Halstead warned that the plans would be only a temporary fix. He pointed out that response times have increased the past two years. And only four detectives have been added even though the number of criminal cases has grown by 11,000 in two years.
"We simply need more police officers in patrol and in our investigative assignments due to the massive growth of our city, to decrease our response times, to reduce crime (proactive patrol measures), and to handle the volume increase in criminal cases sent to our investigators," he wrote.
City officials did not address Halstead's letter or his concerns during Tuesday's City Council meeting. But Jason Lamers, chief of staff for Mayor Betsy Price, applauded him Wednesday.
"In almost every city across America, we're all struggling under the budget crunch," Lamers said. "Department heads are making innovative moves to help preserve the level of public services that the citizens expect."
74 unfilled patrol jobs
The Police Department has 1,562 authorized sworn-officer positions, 718 of which are designated for patrol.
Officials say that 15 patrol positions are vacant and that 59 more are temporarily unfilled because officers are on light duty, military leave or workers' compensation.

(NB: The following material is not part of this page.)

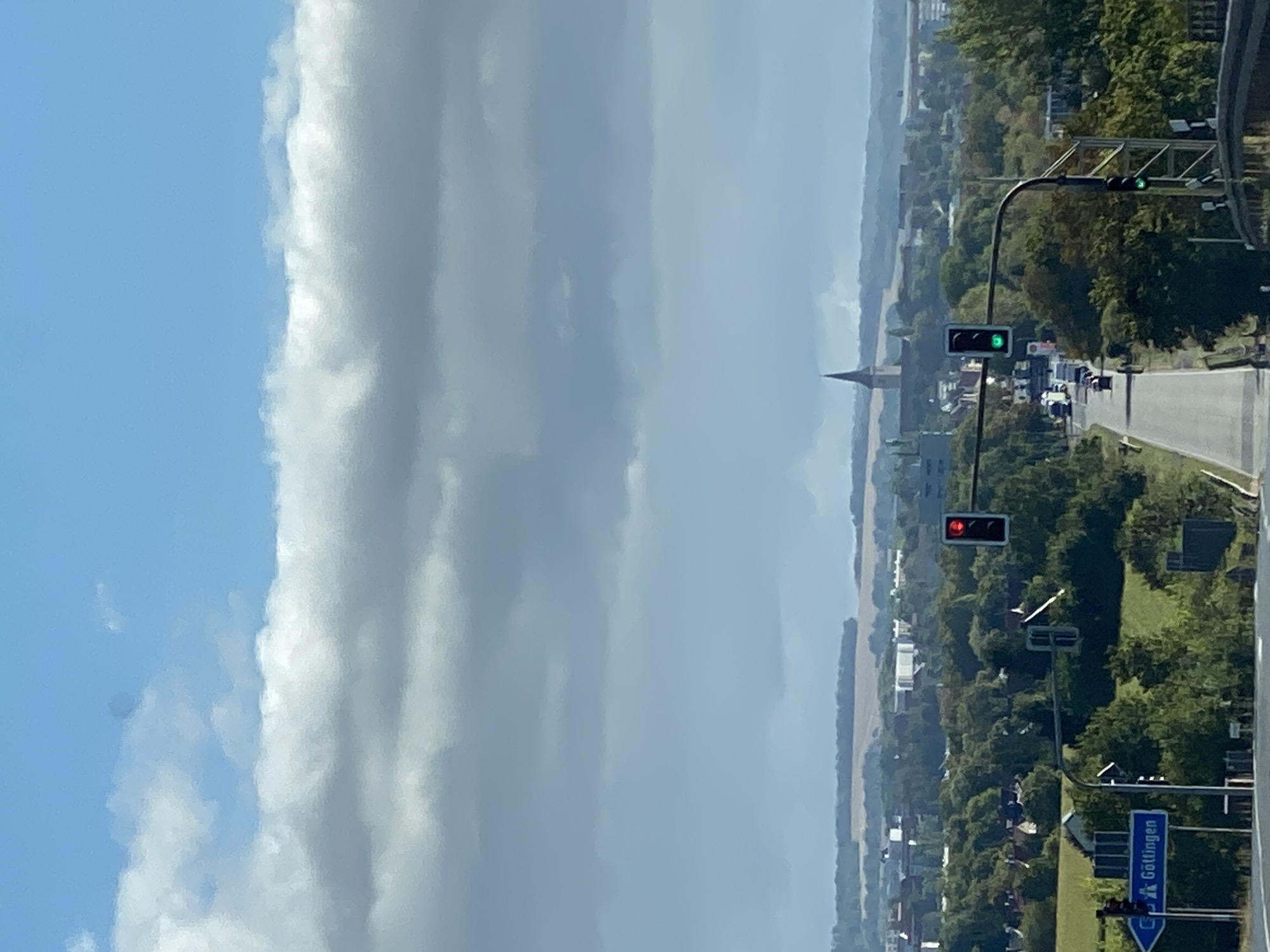 The image captures a view from an elevated position looking down a road lined with trees. In the foreground, a traffic light is red on the right and green on the left. To the left, a blue road sign with white lettering indicates "Göttingen". Further down the road, vehicles are visible, and another traffic light shows green. In the distance, a city skyline is present with a prominent church spire. The sky is partly cloudy with large, white clouds against a blue background. The overall scene suggests an outdoor setting in a German city, possibly Werther, Germany, given the road sign.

"Coupled with the increase in criminal cases and increase in response times, those are the three factors resulting in us looking at creative initiatives to supplement our patrol staffing," Maj. Paul Henderson said.
While school security initiative officers will return to their schools in the fall, Henderson said, the other two initiatives will run from June 1 through the end of the year, when they will be reassessed.
Stephen Hall, president of the Fort Worth Police Officers Association, called Halstead's plans just a "Band-Aid fix." He said to address the real problem, the city needs to authorize the hiring of new officers.
"We're not trying to bash the chief," Hall said. "The city is taking the stance that they can cut budgets, cut budgets, cut budgets. Eventually, we run out of resources. We're rapidly approaching that nexus."
Since 2010, the Police Department's budget has been cut by $20 million.
Response times rise
Fort Worth grew by 9,360 residents from 2011 to 2012, according to figures released last month by the North Central Texas Council of Governments. The growth was higher than in any other city in the 16-county region.
According to a department patrol analysis, the average response times to priority one calls increased from six minutes, five seconds in July 2010 to six minutes, 26 seconds by July 2011. In the fourth quarter last year, that figure was six minutes, 52 seconds, according to the analysis.
"We are short-handed, and the citizens are getting the short end of the stick," Hall said.
Crimes against persons in Fort Worth increased 4.1 percent from 2010 to 2011 while property crimes fell 2.3 percent, according to the National Incident-Based Reporting System.
Halstead did not say in his letter how many new officers and detectives he believes are needed. Henderson said the department is analyzing staffing using a recognized patrol allocation model.
In 2001, most officers up to the rank of captain were mandated to work a week of patrol.